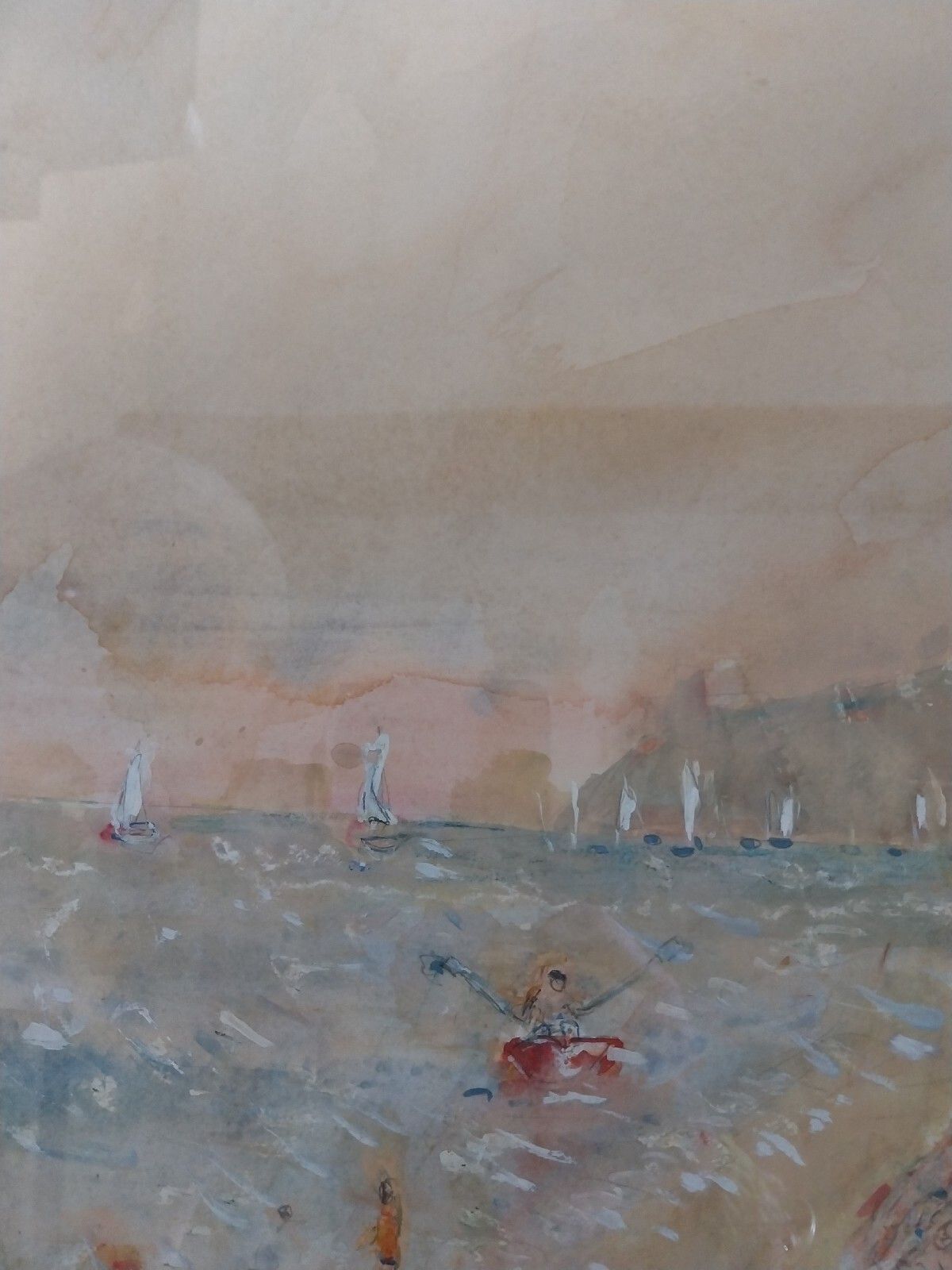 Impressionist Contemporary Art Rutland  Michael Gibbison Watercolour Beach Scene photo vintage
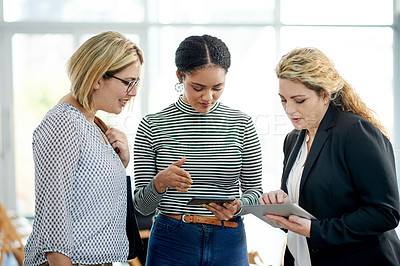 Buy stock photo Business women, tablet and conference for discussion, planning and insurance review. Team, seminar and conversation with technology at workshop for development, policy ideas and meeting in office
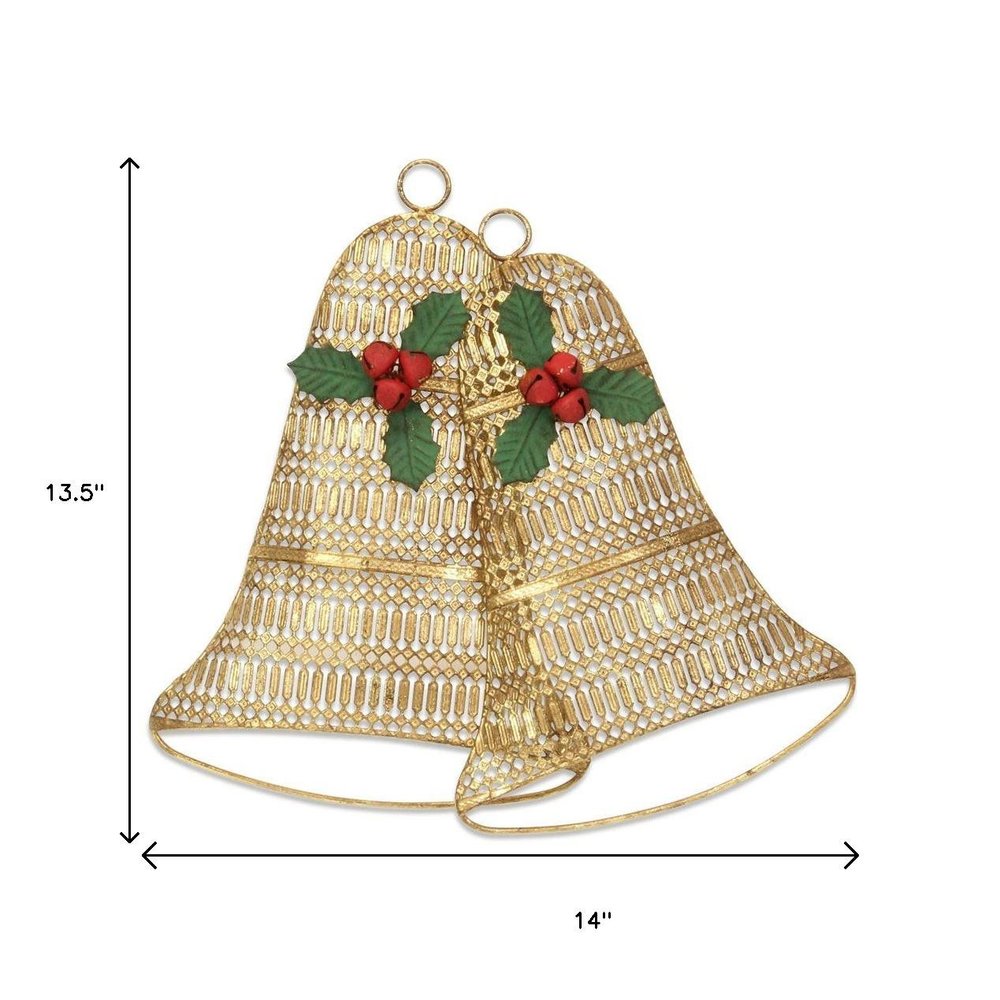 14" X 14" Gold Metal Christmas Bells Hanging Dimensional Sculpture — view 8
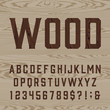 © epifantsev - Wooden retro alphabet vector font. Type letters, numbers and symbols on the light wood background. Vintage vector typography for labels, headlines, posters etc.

**What the task asks**
Every line above should be returned word for word, with the pictures left behind.

**Output below**
 Impressionist Contemporary Art Rutland  Michael Gibbison Watercolour Beach Scene photo vintage
 Buy stock photo Business women, tablet and conference for discussion, planning and insurance review. Team, seminar and conversation with technology at workshop for development, policy ideas and meeting in office
 14" X 14" Gold Metal Christmas Bells Hanging Dimensional Sculpture — view 8
 © epifantsev - Wooden retro alphabet vector font. Type letters, numbers and symbols on the light wood background. Vintage vector typography for labels, headlines, posters etc.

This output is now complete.